(Extracted data entries)
┌──
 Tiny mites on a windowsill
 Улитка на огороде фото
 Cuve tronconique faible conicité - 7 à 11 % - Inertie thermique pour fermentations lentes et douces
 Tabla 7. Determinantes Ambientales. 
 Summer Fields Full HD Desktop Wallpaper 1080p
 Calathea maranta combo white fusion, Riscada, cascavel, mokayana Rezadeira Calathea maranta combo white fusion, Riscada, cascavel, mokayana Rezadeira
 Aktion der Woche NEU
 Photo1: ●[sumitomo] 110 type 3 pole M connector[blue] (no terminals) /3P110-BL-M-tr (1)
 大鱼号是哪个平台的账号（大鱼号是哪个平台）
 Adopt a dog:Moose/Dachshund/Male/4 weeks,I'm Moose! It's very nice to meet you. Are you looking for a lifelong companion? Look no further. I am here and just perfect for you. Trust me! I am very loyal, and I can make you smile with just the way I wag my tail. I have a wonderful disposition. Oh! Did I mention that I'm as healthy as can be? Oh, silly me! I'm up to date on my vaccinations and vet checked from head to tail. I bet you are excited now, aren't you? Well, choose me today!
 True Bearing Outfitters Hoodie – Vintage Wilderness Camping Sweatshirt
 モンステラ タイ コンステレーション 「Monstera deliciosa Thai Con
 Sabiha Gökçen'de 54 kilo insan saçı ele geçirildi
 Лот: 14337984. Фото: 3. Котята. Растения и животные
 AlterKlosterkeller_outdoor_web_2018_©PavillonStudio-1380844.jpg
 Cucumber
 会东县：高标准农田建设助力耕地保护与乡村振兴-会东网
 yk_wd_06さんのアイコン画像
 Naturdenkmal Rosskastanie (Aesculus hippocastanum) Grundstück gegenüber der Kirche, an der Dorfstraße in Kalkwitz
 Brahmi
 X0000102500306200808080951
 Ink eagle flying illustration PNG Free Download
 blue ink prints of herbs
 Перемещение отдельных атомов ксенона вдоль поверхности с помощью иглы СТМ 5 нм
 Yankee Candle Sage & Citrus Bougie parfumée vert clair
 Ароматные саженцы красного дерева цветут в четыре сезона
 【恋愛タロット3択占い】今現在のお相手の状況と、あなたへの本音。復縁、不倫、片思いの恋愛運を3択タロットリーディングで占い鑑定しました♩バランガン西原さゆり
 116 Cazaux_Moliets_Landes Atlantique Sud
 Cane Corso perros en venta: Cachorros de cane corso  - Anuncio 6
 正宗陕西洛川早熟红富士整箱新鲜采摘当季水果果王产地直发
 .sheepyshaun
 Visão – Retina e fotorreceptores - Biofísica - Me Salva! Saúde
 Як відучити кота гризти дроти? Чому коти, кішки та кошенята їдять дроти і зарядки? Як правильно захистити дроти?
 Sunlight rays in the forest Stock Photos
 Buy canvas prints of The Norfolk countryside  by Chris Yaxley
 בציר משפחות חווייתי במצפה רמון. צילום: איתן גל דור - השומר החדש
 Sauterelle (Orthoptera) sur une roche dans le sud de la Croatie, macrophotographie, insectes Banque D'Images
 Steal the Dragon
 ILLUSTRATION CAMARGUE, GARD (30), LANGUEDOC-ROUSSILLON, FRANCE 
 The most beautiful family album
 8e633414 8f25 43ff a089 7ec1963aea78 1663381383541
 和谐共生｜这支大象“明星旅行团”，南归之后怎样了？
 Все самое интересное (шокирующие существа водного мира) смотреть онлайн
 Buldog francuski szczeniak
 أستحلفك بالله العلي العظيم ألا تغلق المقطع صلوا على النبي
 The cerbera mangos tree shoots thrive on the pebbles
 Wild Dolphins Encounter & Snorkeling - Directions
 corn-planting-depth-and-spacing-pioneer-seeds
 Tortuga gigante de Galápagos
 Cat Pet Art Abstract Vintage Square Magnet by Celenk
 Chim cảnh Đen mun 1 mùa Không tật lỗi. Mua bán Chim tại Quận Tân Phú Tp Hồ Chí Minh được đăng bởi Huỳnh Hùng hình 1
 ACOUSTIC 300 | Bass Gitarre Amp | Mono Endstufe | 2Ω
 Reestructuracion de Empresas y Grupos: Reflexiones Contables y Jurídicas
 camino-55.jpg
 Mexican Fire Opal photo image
└──
* _TASK_:
Only the lines from the one with "Buldog francuski szczeniak" to the end of the entries above belong in your answer. Retype them exactly.

* _SOLUTION_:
 Buldog francuski szczeniak
 أستحلفك بالله العلي العظيم ألا تغلق المقطع صلوا على النبي
 The cerbera mangos tree shoots thrive on the pebbles
 Wild Dolphins Encounter & Snorkeling - Directions
 corn-planting-depth-and-spacing-pioneer-seeds
 Tortuga gigante de Galápagos
 Cat Pet Art Abstract Vintage Square Magnet by Celenk
 Chim cảnh Đen mun 1 mùa Không tật lỗi. Mua bán Chim tại Quận Tân Phú Tp Hồ Chí Minh được đăng bởi Huỳnh Hùng hình 1
 ACOUSTIC 300 | Bass Gitarre Amp | Mono Endstufe | 2Ω
 Reestructuracion de Empresas y Grupos: Reflexiones Contables y Jurídicas
 camino-55.jpg
 Mexican Fire Opal photo image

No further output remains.